Bitwise Dice

I'm rereading this paper by Knuth and Yao [1], which could be called "How to throw a die when all you have is a penny", or something. Its premise is, how can you generate a random variable with arbitrary distribution when all you have is a perfectly fair binary random variate? It begins with this blindingly eye-catching diagram:

Every round node is a coin-toss (a bit-flip), and transitions are taken depending on the value obtained, until one of the dice nodes are reached. What's the expected number of flips needed to get a die? As explained in the paper, it's T = 3 + 2/8⋅T, which solves for T = 4. After this preliminaries, they show us another diagram, but not before observing that [t]he reader may have noticed a source of inefficiency in [the figure]: When three equal values are obtained, we could have used this common result as the value of the next flip, since 000 and 111 are equally probable.

I certainly hadn't; the paper states that the average number of bit-flips needed is 11/3, and that that is minimal. The rest of the paper is devoted to prove constructively that this is so, by giving an algorithm that minimizes the number of bit-flips required to compute an arbitrary random variate. What it doesn't show is how to arrive at this number of flips. Applying the method cited above, we have T = 1 + U and U = 2 + 1/4⋅U, for U = 8/3, T = 11/3.

All fine and dandy but, why am I writing this? For one, to show you pretty finite state machines (actually, Markov chains) that generate dice throws! You might think, what a roundabout way to do it, and counter with:

let die () = 1 + Random.int 6

One problem I see is that, as usually implemented, it is easier to find in the wild fairer bits than dice; or rather, usual implementations of integer random variates tend to take the lower bits from a linear congruential generator, which is a rather lousy way to do it. It is better to do:

let bit () = Random.float 1. < 0.5

which, as it takes into account the more significant bits first, is more apt to be fairer. Another good source of random bits is a linear feedback shift register; the table in [2, 376] shows that x³¹ + x³ + 1 is a primitive polynomial, modulo 2, which gives the following generator with period 2³¹ - 1:

let seed = ref 0x33c6ef37

let set_seed s =
  seed := if s == 0 then 0x33c6ef37 else s

let rand_bit () =
  let b = !seed land 1 in
  seed := (!seed lsr 1) lxor (-b land 0x40000004);
  b

Of course, if you can control your source of bits this disquisition is probably moot; if not, it might be something you'd want to account for. Anyway, back to the bones. There are many ways to write a FSM, but most involve using a table. Instead of falling so low, I'll show you a little functional magic. A state is a finite map from an input symbol to an edge or transition; in turn, an edge can be a way to get to the next state or a final, result symbol:

type ('a, 'b) state = 'a -> ('a, 'b) edge
 and ('a, 'b) edge  = Halt of 'b | Next of ('a, 'b) state

I'll represent the second machine as a value of type (bool, int) state, with maximally-shared states via value recursion. I number the states from left to right, and from top to bottom:

let die_fsm : (bool, int) state =
  let
  rec st0 = function false -> Next st1 | true -> Next st2
  and st1 = function false -> Next st3 | true -> Next st4
  and st2 = function false -> Next st5 | true -> Next st6
  and st3 = function false -> Next st1 | true -> Halt 1
  and st4 = function false -> Halt 2   | true -> Halt 3
  and st5 = function false -> Halt 4   | true -> Halt 5
  and st6 = function false -> Halt 6   | true -> Next st2
  in st0

The state machine is run simply via the following function:

let rec run_fsm st input =
  match st (input ()) with
  | Next st -> run_fsm st input
  | Halt x  -> x

That's it, really! I can throw my die like so:

let die () = run_fsm die_fsm (fun () -> rand_bit () == 1)

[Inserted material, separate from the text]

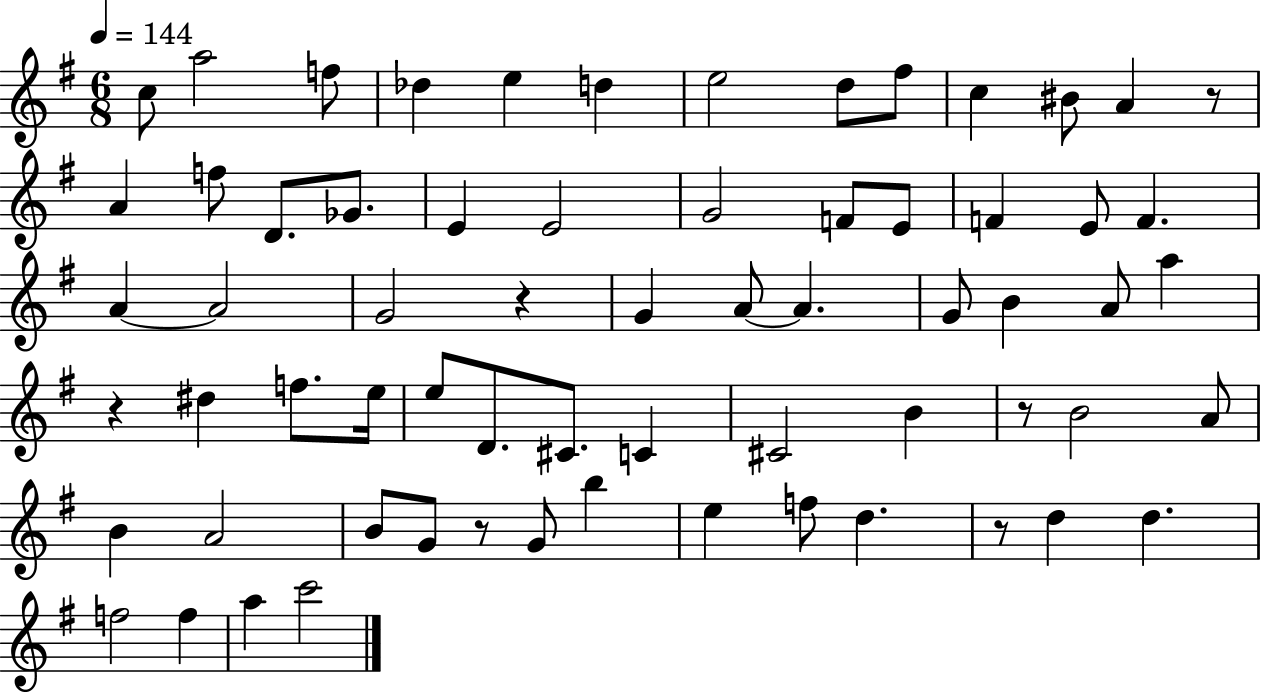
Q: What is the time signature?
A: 6/8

Let's see how fair our die is. For that, I'll compute a histogram of recorded values in an experiment involving n throws:

let test_die n =
  let hist = Array.make 6 0 in
  for i = 1 to n do
    let d = die () - 1 in
    hist.(d) <- hist.(d) + 1
  done;
  Array.map (fun s -> float s /. float n) hist

You can check that the die is fair:

# test_die 100_000 ;;
- : float array = [|0.16379; 0.16713; 0.16702; 0.16768; 0.1661; 0.16828|]

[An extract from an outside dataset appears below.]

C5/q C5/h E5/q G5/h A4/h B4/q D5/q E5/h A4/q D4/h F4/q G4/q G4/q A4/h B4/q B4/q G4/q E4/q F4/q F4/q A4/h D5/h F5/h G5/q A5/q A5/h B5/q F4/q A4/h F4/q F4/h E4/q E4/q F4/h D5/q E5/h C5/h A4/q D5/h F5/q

And of course, let's make sure I haven't made a silly mistake:

# Array.fold_left (+.) 0. (test_die 100_000) ;;
- : float = 1.

Now, shoot!

References

1. Knuth, D.E.K. and Yao, A. C. The Complexity of Nonuniform Random Number Generation. Reprinted in Donald E. Knuth, Selected Papers on Analysis of Algorithms (Stanford: CSLI lecture notes 102, 2000).
2. Bruce Schneier, Applied Cryptography Second Edition: protocols, algorithms, and source code in C (New York: John Wiley & Sons, Inc. 1996)